4 bytes saved by changing the loop condition test to a simple &31. This requires that the word is terminated with a space (ASCII 32) or a null character (ASCII 0.) Normally keyboard input is terminated by a newline (ASCII 10) so the program's a bit inconvenient to use, because you have to type the space then press return as well to get the computer to read the buffer. For newline-terminated strings, I could match but not beat the way bebe does it.

6 13 bytes saved by changing the encoding to -(number of tiles of each letter)-(score for that letter-1)*13. This now requires a range from -4 for L,S,U to -118 for Q,Z. The reason for using negative numbers is to avoid the unprintable ASCII range 0 to 31. Instead the range used is the two's complement of the negative numbers 256-4=252 to 256-118=138. These are printable, extended ASCII characters. There are issues with copying and pasting these in Unicode (the way it simplifies back to ASCII depends on the code page installed which can lead to unpredictable results) so I have included the correct ASCII codes in the program comment.

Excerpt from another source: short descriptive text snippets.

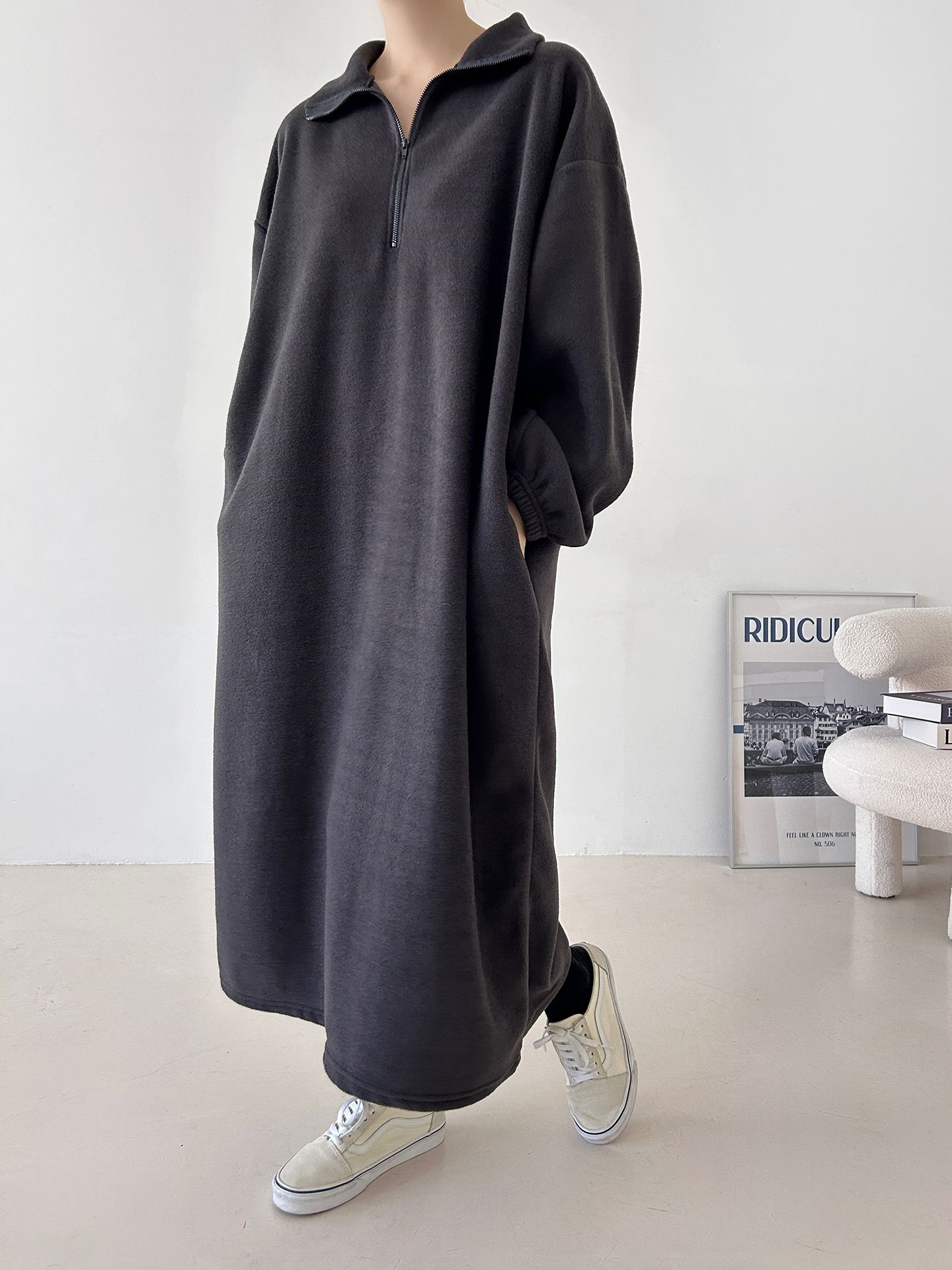 フリースハーフジップボクシーロング長袖カラーワンピース | 詳細画像26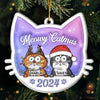 Meowy Catmas - Cat Personalized Custom 3D Inflated Effect Printed Ornament - Acrylic Custom Shaped - Christmas Gift For Pet Owners, Pet Lovers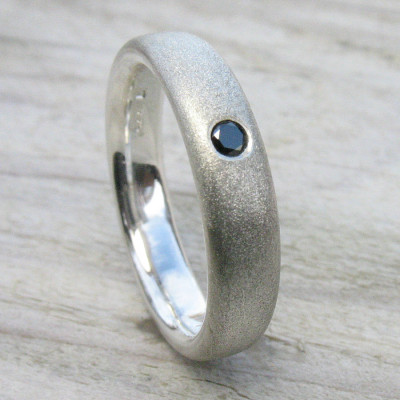 Mens Black Diamond Silver Ring - Custom Jewellery By All Uniqueness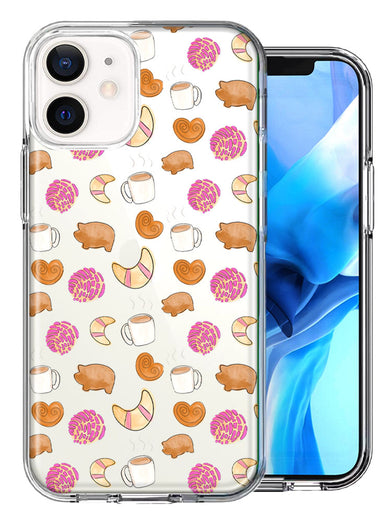 Apple iPhone 12 Mini Mexican Pan Dulce Cafecito Coffee Concha Polka Dots Double Layer Phone Case Cover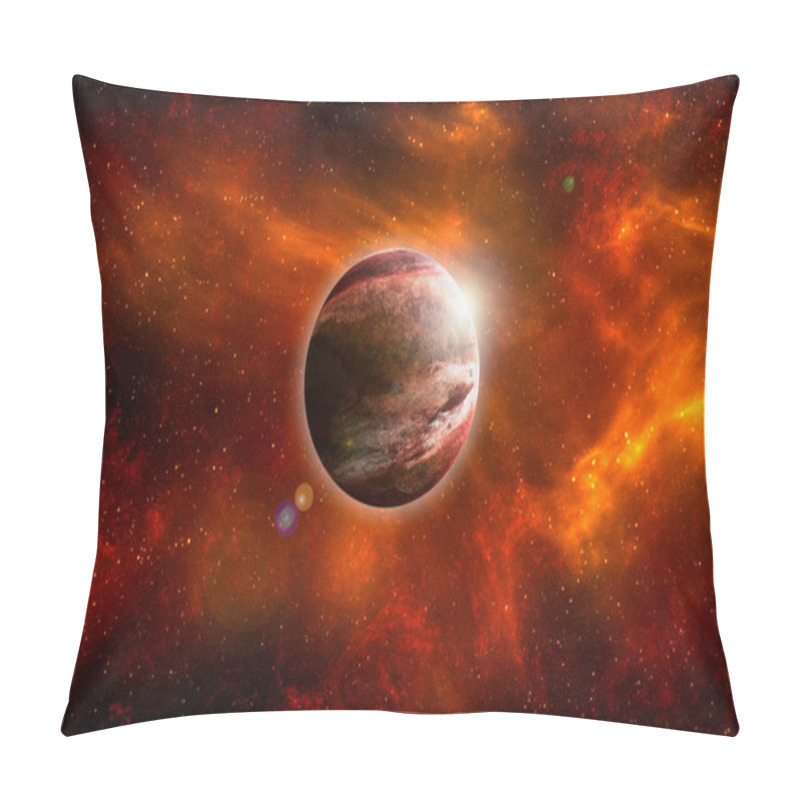 Personality  Unknown Planet From Outer Space. Space Nebula. Cosmic Cluster Of Stars. Outer Space Background. 3D Illustration. Pillow Covers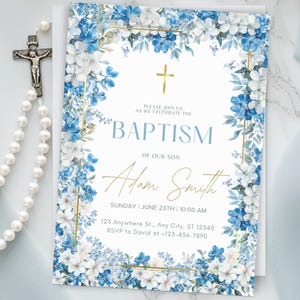 Elegante invitación de bautismo con flores azules / Anuncio de bautizo de bebé imprimible / Bautismo de niño digital, descargable y editable en Canva BC1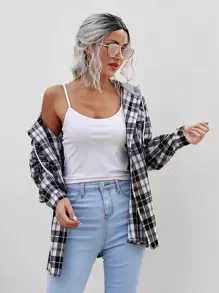 SHEIN LUNE Tartan Plaid Drawstring Hooded Coat - Black and White - View 4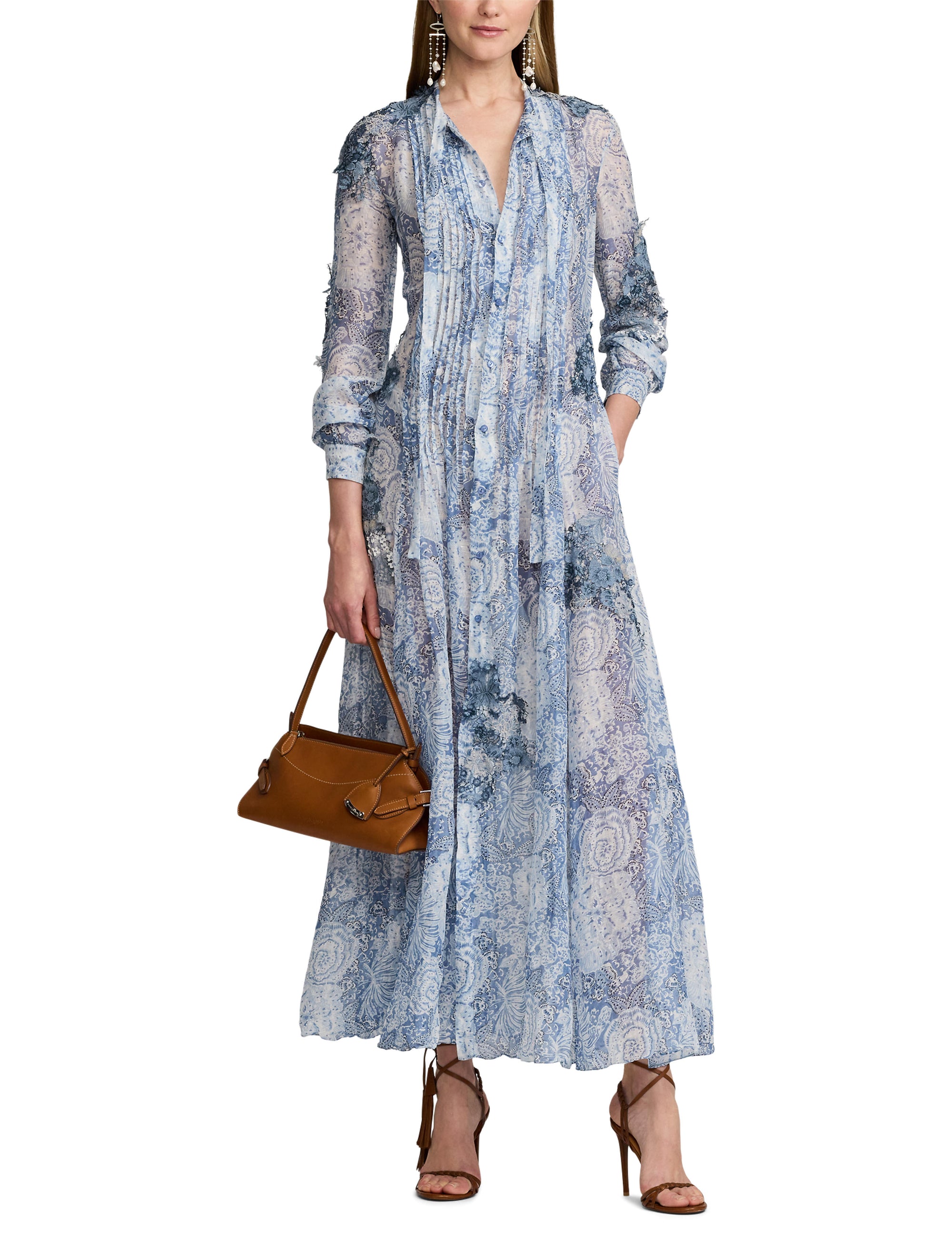 Robe Hannes à motif en gaze de lin et soie mélangé - Blue & Multicolore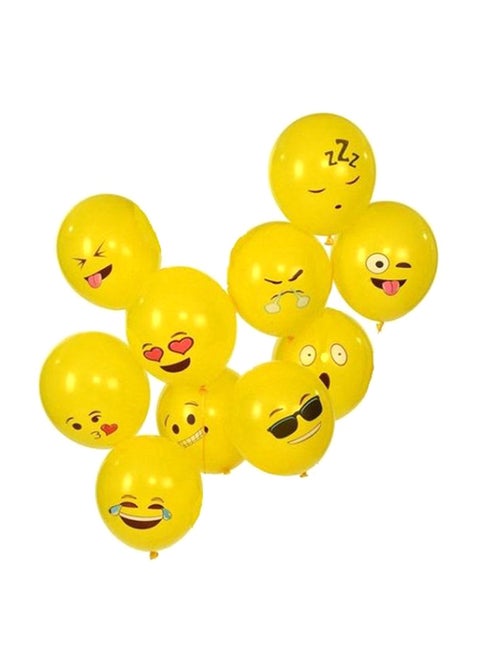 10-Piece Smiley Emoji Party Balloons Set 10.5x8.7x3.7inch
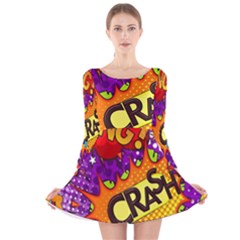 Crash Bang Adventure Time Art Boom Graffiti Long Sleeve Velvet Skater Dress by Bedest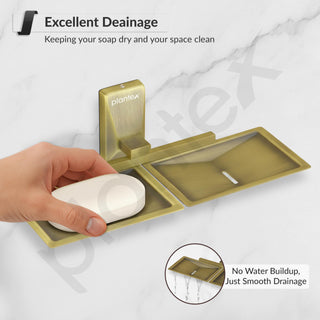 Plantex 304 Grade Stainless Steel Double Soap Dish/Soap Case/Soap Storage for Bathroom Accessories - Crystal (Brass Antique)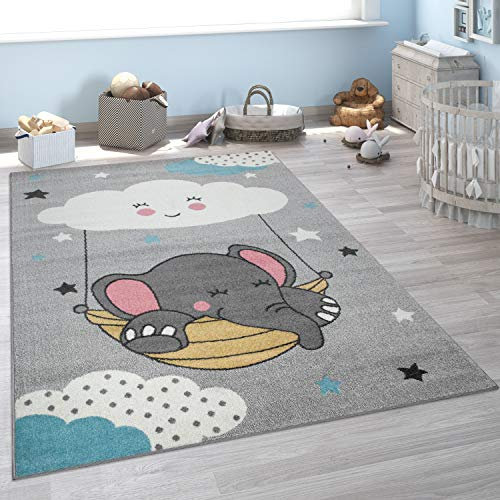Paco Home Kinderteppich, Teppich Kinderzimmer Niedliches Baby-Elefant Motiv, Grau, Grösse:160x220 cm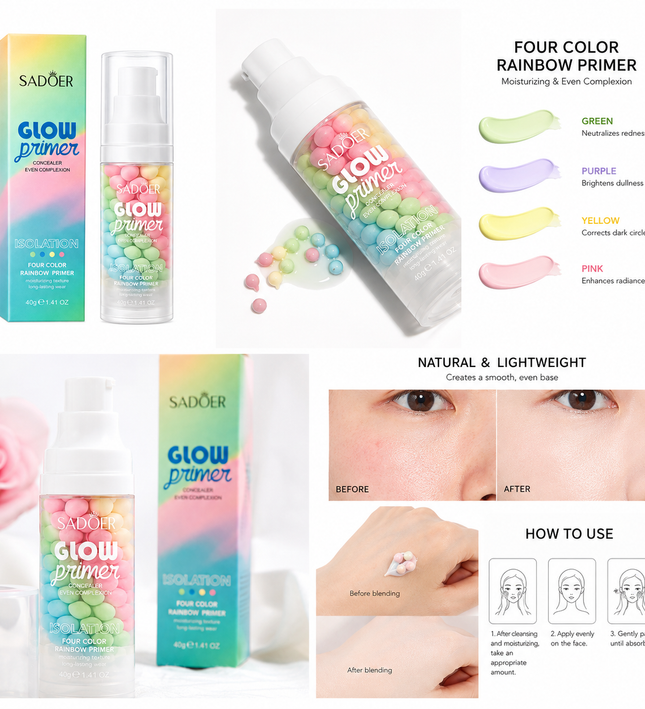 SADOER Glow Four Color Rainbow Primer – 40g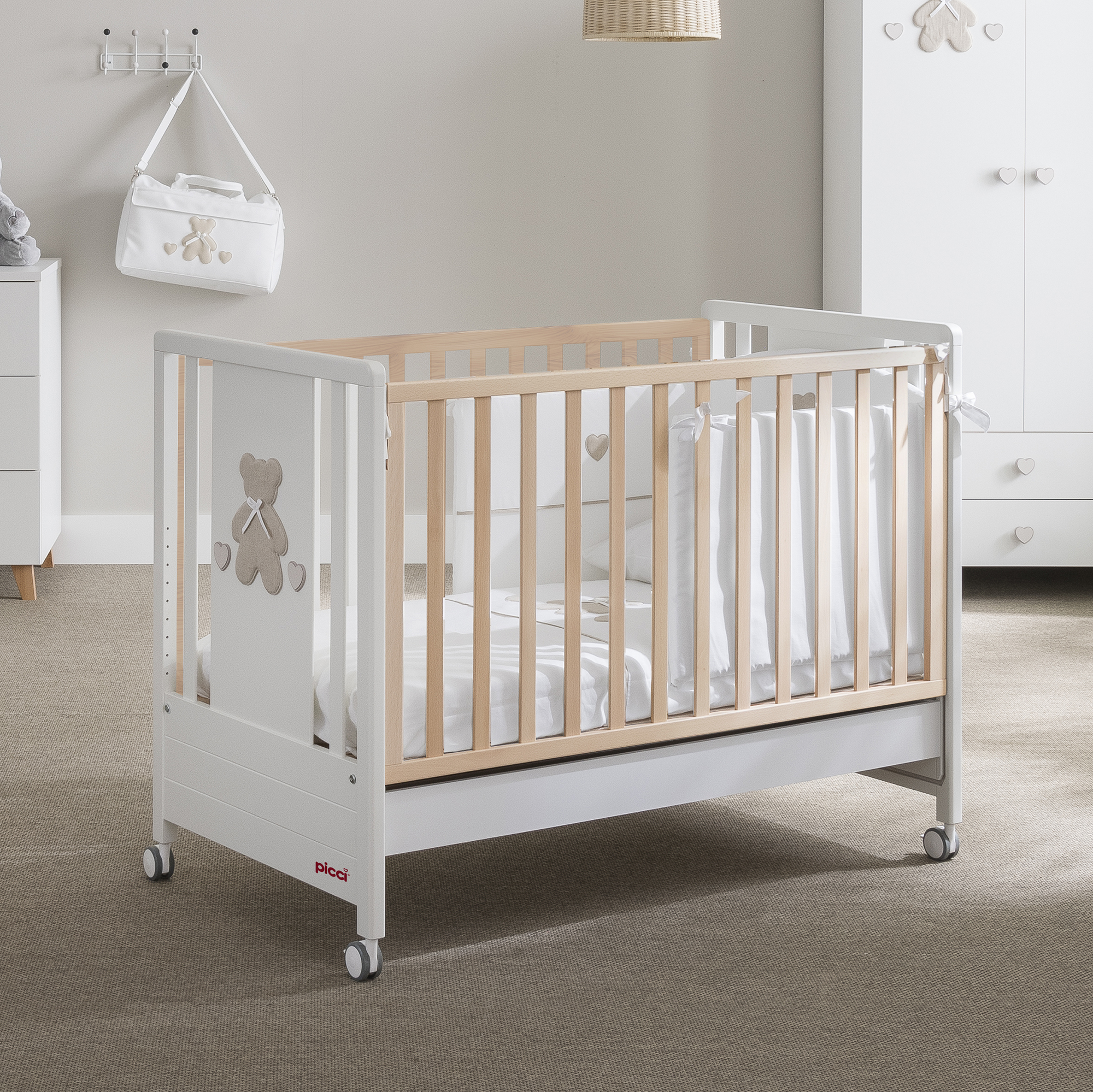 Lettino TEDDY - sponde faggio - cm 130 x 71 x h 107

The advantage of this encoding is the elimination of the variable r as the number of tiles is always reduced by 1 (as it is stored as a negative number, we do t[x]++. Additionally, the postfix operator means we can perform this increment at the same time as adding the score to s.

//char t[]={32,247,228,228,239,244,215,240,215,247,164,203,252,228,250,248,228,138,250,252,250,252,215,215,164,215,138,0};
b,s;
main(i,x){
  for(char t[]=" ÷ääïô×ð×÷¤ËüäúøäŠúüúü×פ׊";x=getchar()&31;i*=4)
    t[x]%13?
      s-=t[x]++/13-1:
      b++;
  printf(i<9|b>2?"Invalid":"%d",s);
} 

C,184 Rev 1 173 (or 172 with compiler option)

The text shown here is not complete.